Exercise brief:
Omit all pictures, then retype exactly the lines from the one that contains "Historic Map : A" through the end of the listing.

The data:
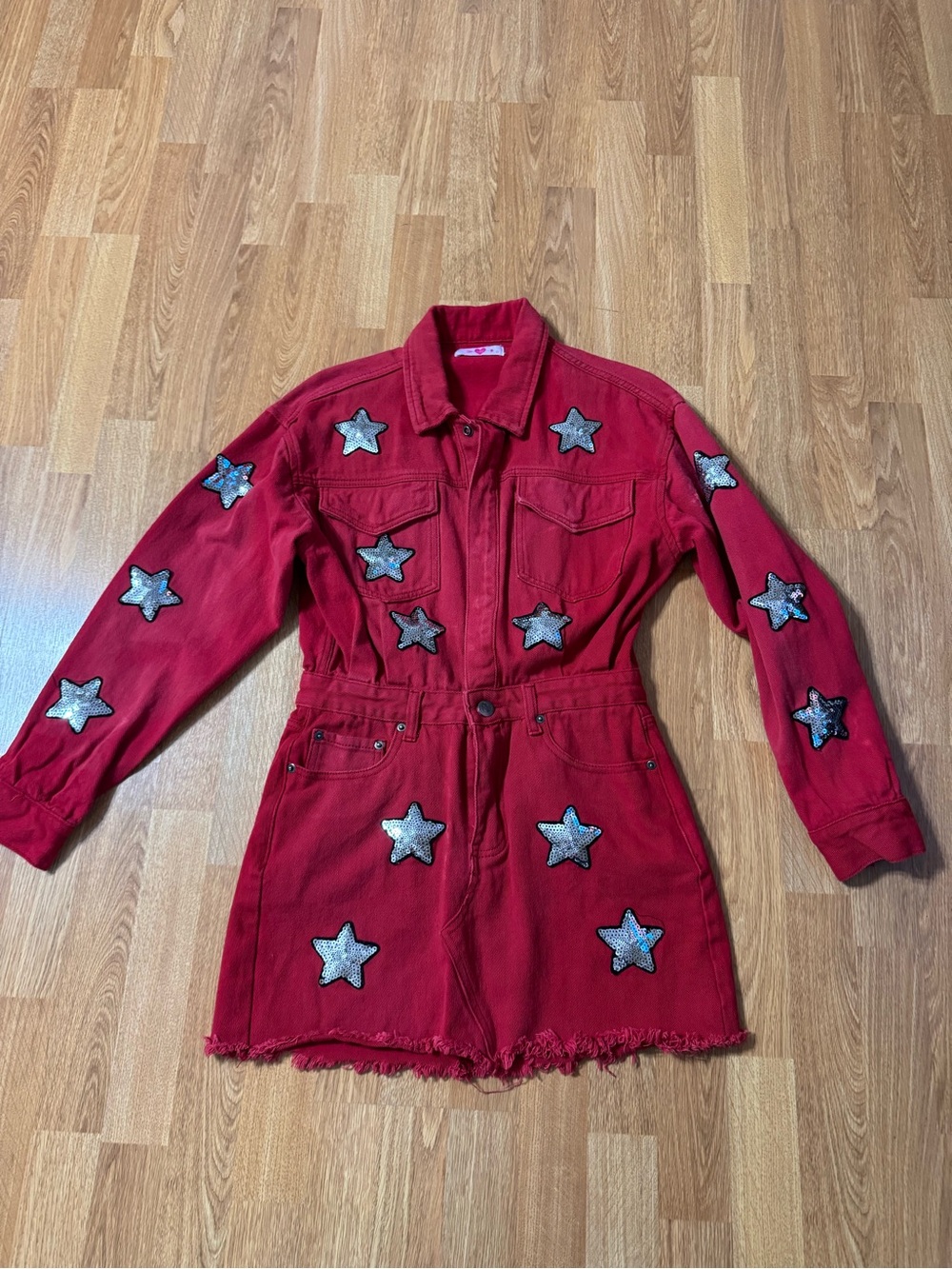 Buddy Love Raelynn Western Rodeo Cowboy Festival Denim Star Dress in Red Size S - Picture 5 of 7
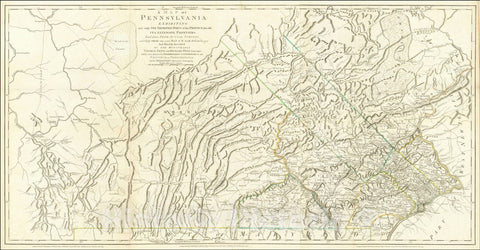 Historic Map : A Map of Pennsylvania, 1775, Nicholas Scull, Vintage Wall Art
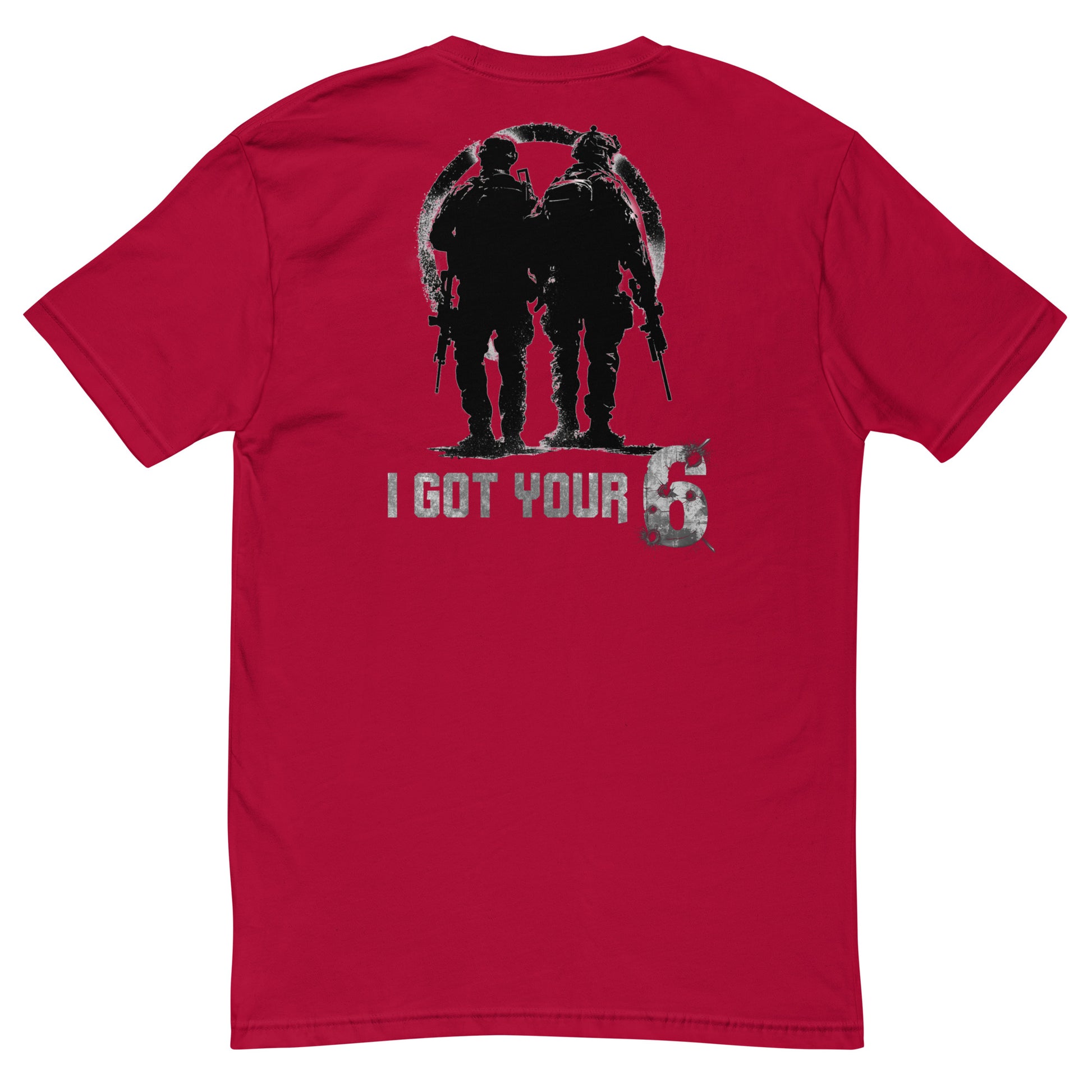 Red t-shirt with black graphic and 'I Got Your Six' text on a white background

Response:
 Historic Map : A Map of Pennsylvania, 1775, Nicholas Scull, Vintage Wall Art
 Red t-shirt with black graphic and 'I Got Your Six' text on a white background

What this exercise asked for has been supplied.